The four of us were soon headed for Sunshine Reef -- Andy, in his Viking Nemo, on his first trip out there, the rest of us old Sunshine Reef hands.

The swell was tiny, so tiny in fact that I could safely cut the shallow corners on the headlands very tightly on the way out and thus save a bit of distance. It's easy to become blasé as one paddles north east past the Noosa National Park but it was today, and often is, truly magnificent. At Hells Gates I came across a pod of dolphins travelling at about my speed and directly ahead, in the same direction, the rising sun reflecting off their dorsal fins as they surfaced to take a breath making it easy for me to follow their purposeful patrol.

Jaro was well ahead of the rest of us, as his after-launch setup time, now that he has the Profish, is tiny compared with mine and Brian's. While I was admiring the dolphins, it turns out that Jaro was admiring whales, out in the open ocean. The radio blared and he announced to all that there was a great whale show occurring just a little further out. That proved to be just the starter for the day -- whales in the midst of their migration south were a big part of our day.

Brian headed for the more distant part of the reef while I decided to stick with the closer in section which we'd been working last time we were out here. As I approached the mark, accompanied by Andy, I could see Jaro already in position in the same area.

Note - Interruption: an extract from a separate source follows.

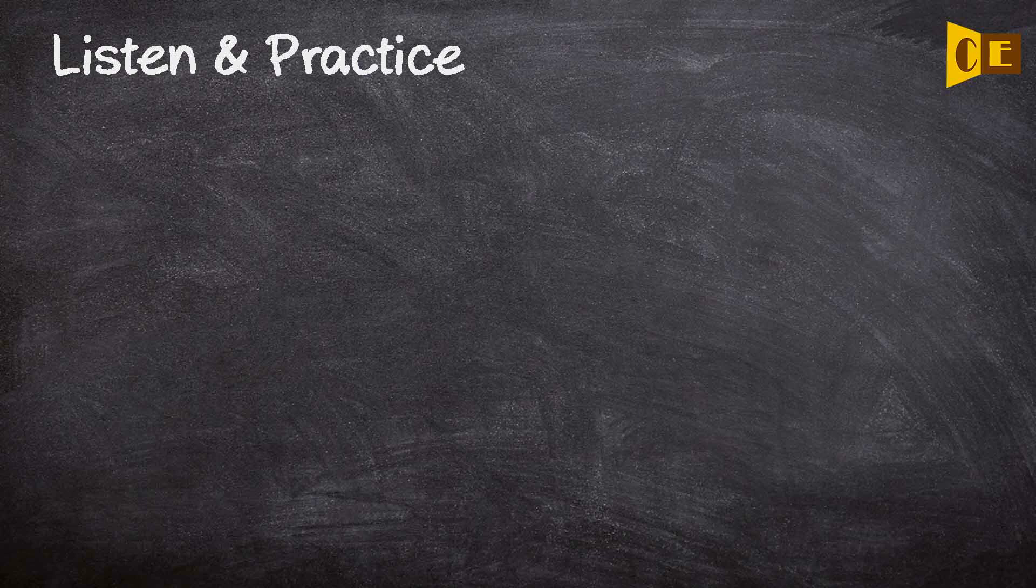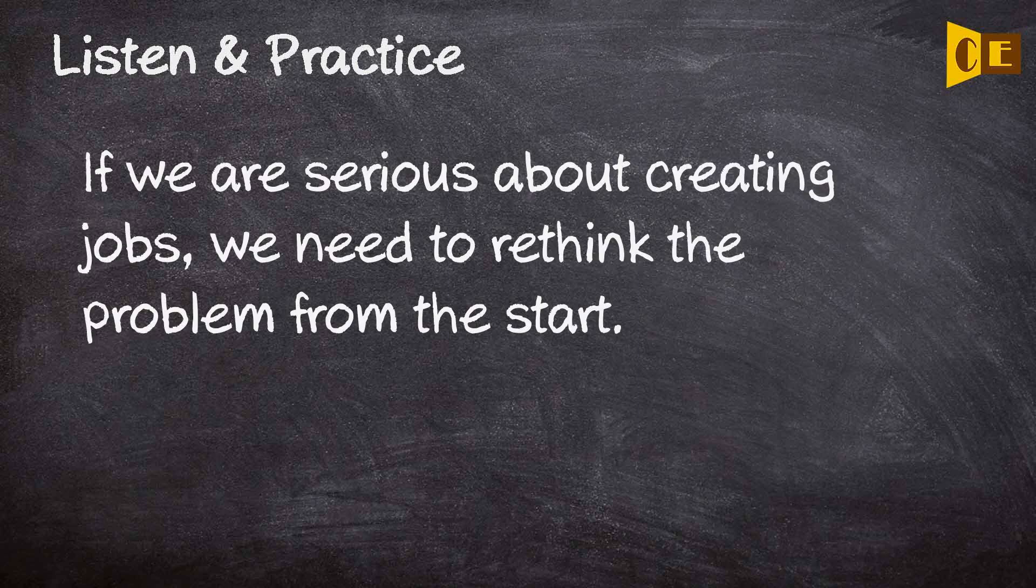If we are serious about creating jobs, we need to rethink the problem from the start.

So Andy and I picked a spot, any spot really, to start a drift and hopefully catch a snapper.

I remember checking my watch when I first started to fish -- around 0630. There was a tiny breeze from the SE, and, judging by the angle of "hang" of my trailing outfit and the drift speed, little or no current -- certainly no sign of the toward-SE current which we have recently encountered at this same place. So I was drifting north, a fact soon confirmed by the GPS display. Also of note was the water condition. Although clear, as expected, it was crammed with tiny transparent organisms so that it resembled a watery soup, temp around 23°C.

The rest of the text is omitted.